US 12,406,301 B2
Early network growth warning system and method
Shiv Markam, Mandla (IN); Rupesh Kumar Sankhala, Churu (IN); Bhargav Pandillapalli, Atmakur (IN); Aniruddha Mitra, Kolkata (IN); and Akash Singh, Delhi (IN)
Assigned to MASTERCARD INTERNATIONAL INCORPORATED, Purchase, NY (US)
Filed by MASTERCARD INTERNATIONAL INCORPORATED, Purchase, NY (US)
Filed on May 20, 2022, as Appl. No. 17/749,912.
Prior Publication US 2023/0377038 A1, Nov. 23, 2023
Int. Cl. G06Q 40/04 (2012.01); G06F 18/2137 (2023.01); G06N 3/044 (2023.01); G06Q 20/40 (2012.01)

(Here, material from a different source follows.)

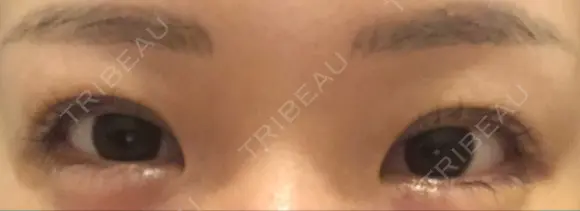 二重埋没 湘南美容クリニック 宇都宮院 DAY 16 メイン用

CPC G06Q 40/04 (2013.01) [G06F 18/21375 (2023.01); G06N 3/044 (2023.01); G06Q 20/4016 (2013.01)] 14 Claims
OG exemplary drawing
 
1. A growth predictor system, comprising:
a monitor configured to receive or generate first information of a network already identified as a candidate money laundering (ML) network by an anti-money-laundering system; a prediction engine having a feed-forward neural network that operates on the first information corresponding to growth of the network already identified as a candidate ML network and being configured to predict second information indicative of a growth size of the candidate ML network at a future time, the prediction engine to predict the second information based on the first information; and a prioritization engine configured to determine a priority of the candidate ML network based on the second information and to generate a score corresponding to the priority of the candidate ML network based on one or more predetermined criteria including predicted growth size, types of accounts, identity of account owners, numbers of transactions that currently exist and are predicted to take place in the ML network, types of transaction that currently exist and are predicted to take place in the ML network, the rate of growth predicted to occur, and the type of growth predicted to occur, the prediction engine to execute one or more predictive models to generate the second information indicative of the growth size of the candidate ML network at the future time, the first information indicating one or more graphical changes that have occurred in the candidate ML network over a past period of time, wherein: the first information includes spatio-temporal data on graphs corresponding to the one or more changes that have occurred in the candidate ML network over the past period; and one of the one or more the predictive models is configured to implement an encoder decoder long short-term memory (LSTM) network to predict the growth in size of the candidate ML network based on the first information.